[INFORMATION SUPPLIED — start]

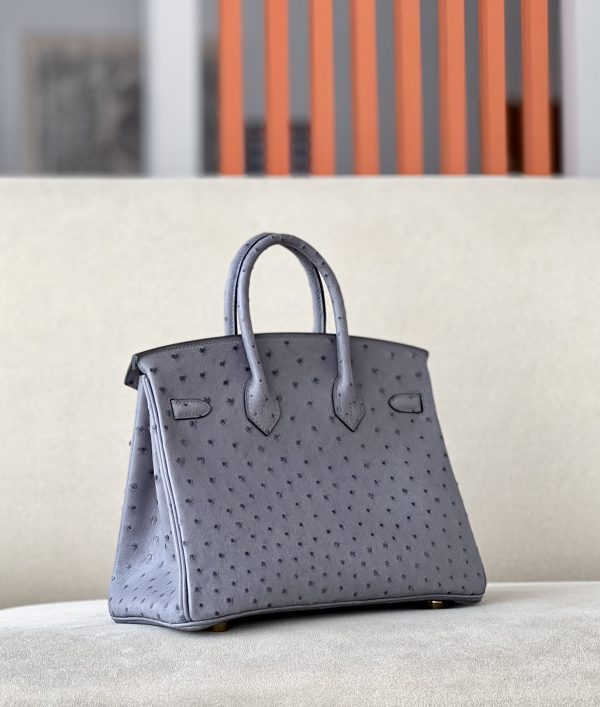 Birkin 25 Ostrich Gris Agate(82) Gold Hardware - Image 2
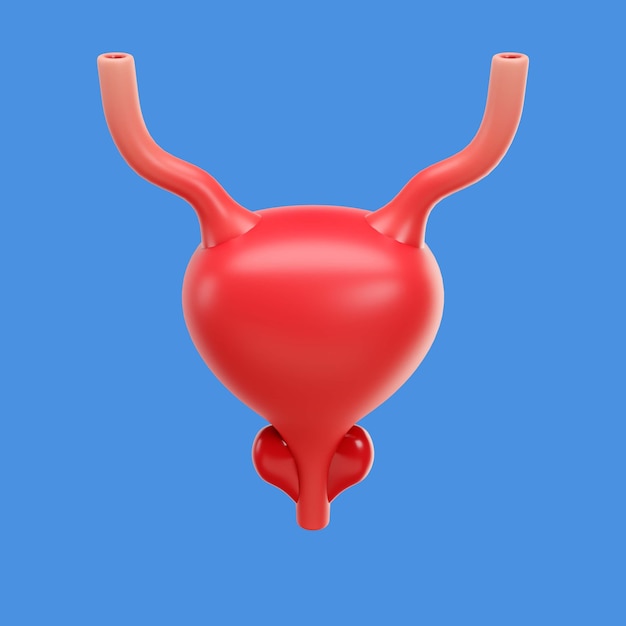 Free PSD 3d rendering of human body icon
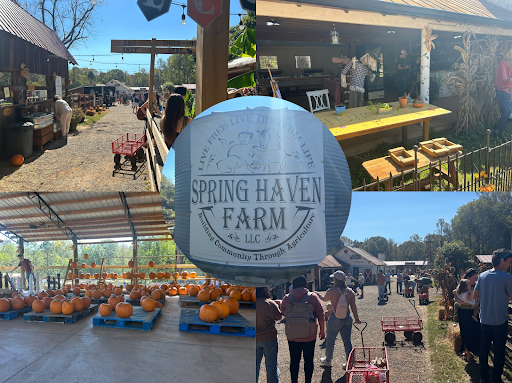 Spring Haven Farms Is the perfect fall afternoon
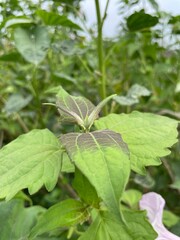 beautiful scenery of lalbagh botanical garden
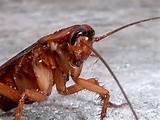 What Is A Flying Cockroach Photos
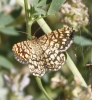 Chiasmia clathrata (Linnaeus, 1758)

[INFORMATION SUPPLIED — finish]

EXERCISE DIRECTIONS: Without the pictures, write out every entry precisely as it appears.

TASK SOLUTION:
 Birkin 25 Ostrich Gris Agate(82) Gold Hardware - Image 2
 Free PSD 3d rendering of human body icon
 Spring Haven Farms Is the perfect fall afternoon
 beautiful scenery of lalbagh botanical garden
 What Is A Flying Cockroach Photos
 Chiasmia clathrata (Linnaeus, 1758)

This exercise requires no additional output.